‘In-car Internet Could Threaten Automotive Industry’
The emerging alliance between car manufacturers and IT companies to turn cars into internet gateways poses a potential threat to the automotive industry, according to McAfee’s chief technology officer.
“With Ericsson forecasting 50 billion IP-connected devices by 2020, up from 1 billion just a year ago, KPMG’s report into connected cars come as no surprise. But as in-car internet becomes a reality, it exposes the automotive industry to the same threats as any other consumer device,” said Raj Samani.
Samani’s statement came after accounting and consulting firm KPMG released the Global Automotive Executive Survey 2012, which was based on a survey of 200 automotive executives, 34 percent of whom intend to collaborate with technology and IT companies to access new technology and products.

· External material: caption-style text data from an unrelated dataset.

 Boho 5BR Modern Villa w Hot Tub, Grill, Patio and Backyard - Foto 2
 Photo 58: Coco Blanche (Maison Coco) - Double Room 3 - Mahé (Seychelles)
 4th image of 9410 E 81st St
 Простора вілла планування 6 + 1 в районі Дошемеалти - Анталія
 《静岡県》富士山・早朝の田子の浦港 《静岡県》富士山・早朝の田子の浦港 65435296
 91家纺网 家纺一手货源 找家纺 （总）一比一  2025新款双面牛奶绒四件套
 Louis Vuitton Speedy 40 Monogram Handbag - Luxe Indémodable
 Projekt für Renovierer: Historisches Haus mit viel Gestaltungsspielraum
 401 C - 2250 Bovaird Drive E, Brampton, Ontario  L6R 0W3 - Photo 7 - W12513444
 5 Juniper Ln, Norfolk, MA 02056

Moreover, KPMG’s survey showed that over a third of car executives expect that consumers’ purchasing decisions over the next five years will be driven by whether the car they purchase has internet connectivity and built-in technologies such as navigation with live traffic update, voice recognition and access to smartphones through steering wheel controls and the dashboard.
Furthermore, over a third (32%) of car executives expect original equipment manufacturers (OEMs) to control the revenue streams linked to the built-in connectivity and a quarter (25%) expect IT and technology industries such as Google, Apple, Microsoft and LG to control the revenue streams by 2025.
“This illustrates the growing importance of connectivity ‘on the go’ for consumers in their vehicles and brings the next generation of fully built-in ‘infotainment’ car systems one step closer to the horizon,” KPMG said.
Samani added: “The industry has form. The first remote keyless entry systems did not implement any security and were easily compromised. As more and more digital technology is introduced into automobiles, the threat of malicious software and hardware manipulation increases. Wireless devices like web-based vehicle-immobilisation systems that can remotely disable a car could be used maliciously to disable cars belonging to unsuspecting owners.”
According to the McAfee CTO, the attackers are more attracted to the infotainment system since “it promises to be an area that closely integrates with an individual’s personalised preferences or data.”
“When that happens, there is the opportunity for financial gain from the right information at the right time. Infotainment systems often run standard software for embedded devices that is widely available, whereas other embedded units in a vehicle run mainly proprietary or specialised software,” Samani said.